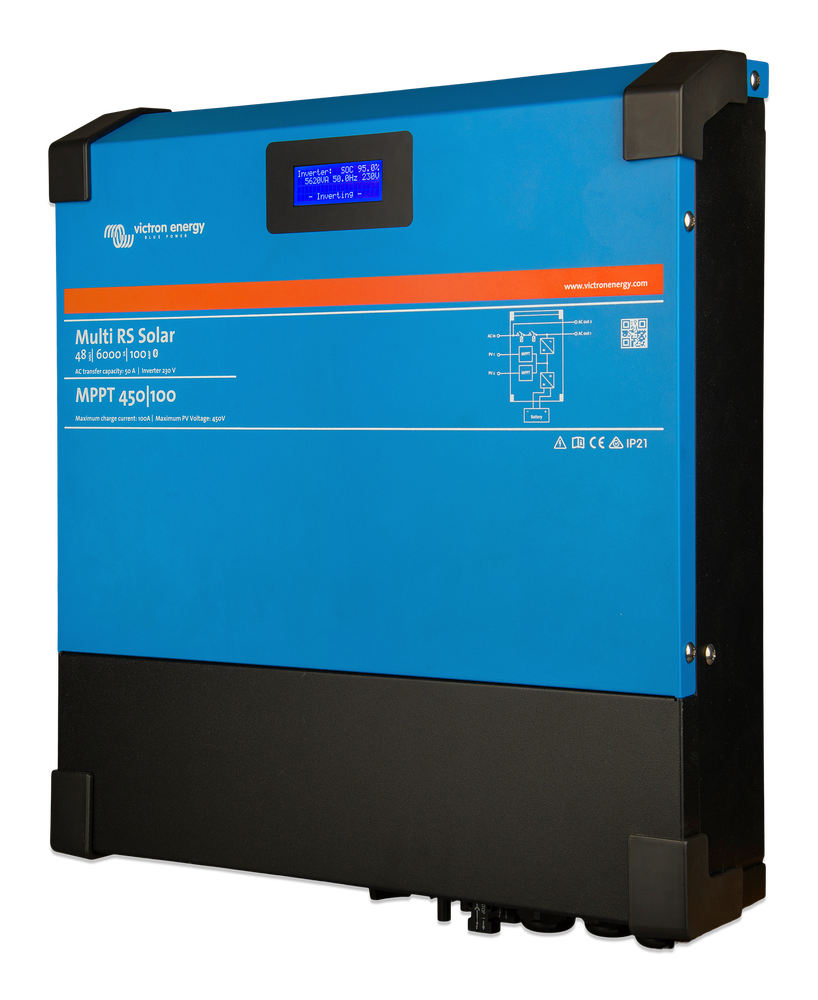 Victron Multi RS Solar 48/6000/100-450/100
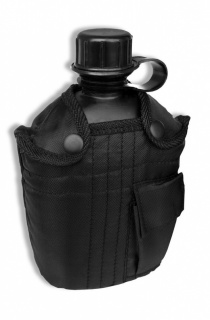 Molle torbica za čutaro črna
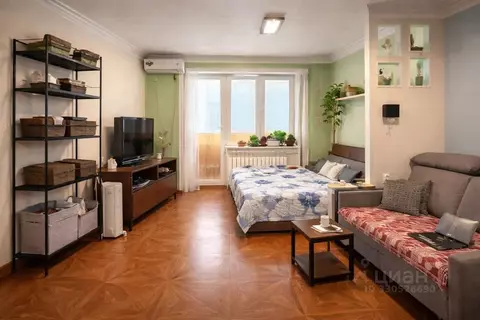 2-к кв. Татарстан, Казань ул. Адоратского, 60 (50.5 м)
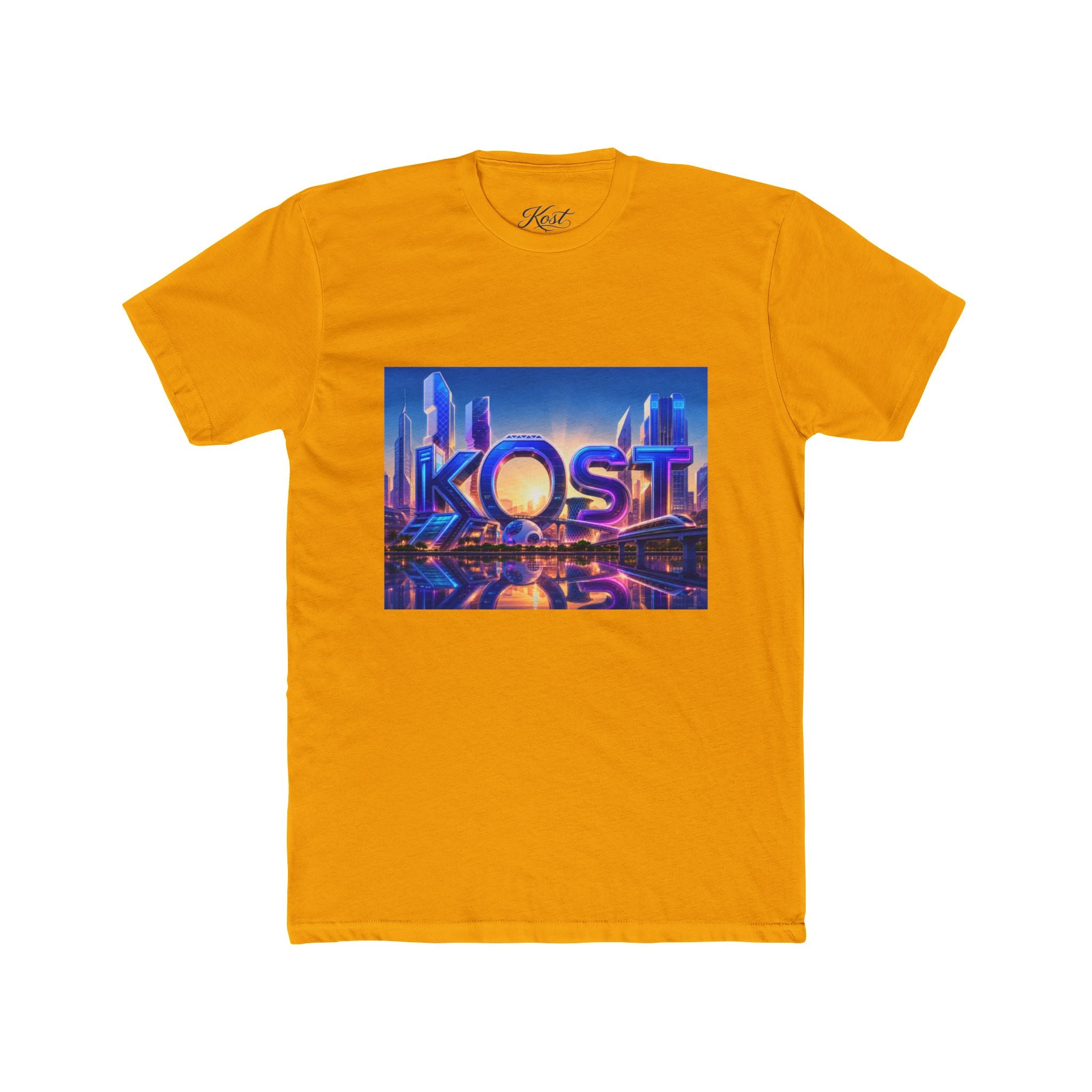 KOST Futuristic City Graphic Tee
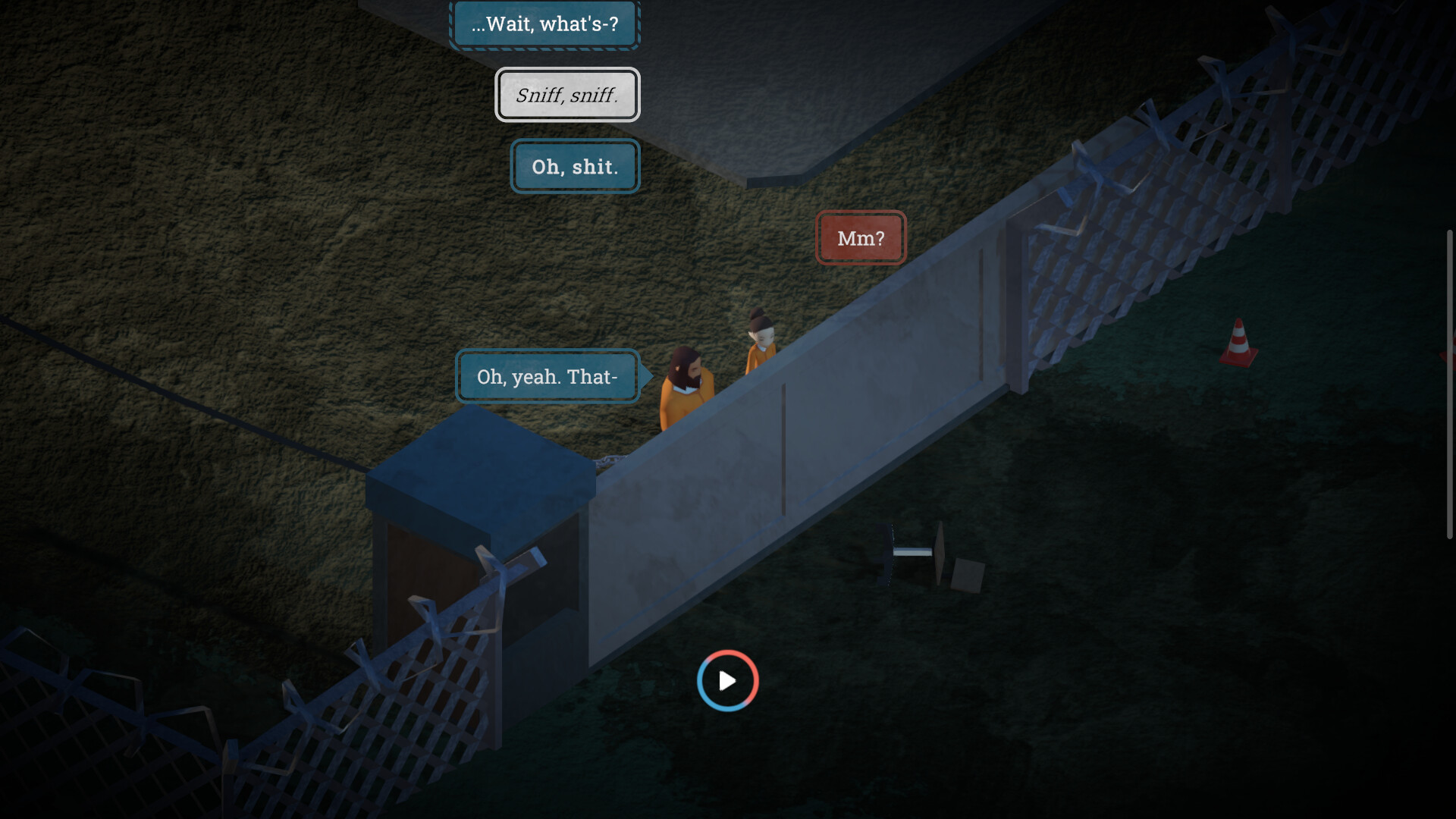 Solomon's Link screenshot 4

:: THE TASK ::
Could you set down every entry above exactly as it stands, with no images?

:: SOLUTION FOR THIS EXERCISE ::
 Victron Multi RS Solar 48/6000/100-450/100
 Molle torbica za čutaro črna
 2-к кв. Татарстан, Казань ул. Адоратского, 60 (50.5 м)
 KOST Futuristic City Graphic Tee
 Solomon's Link screenshot 4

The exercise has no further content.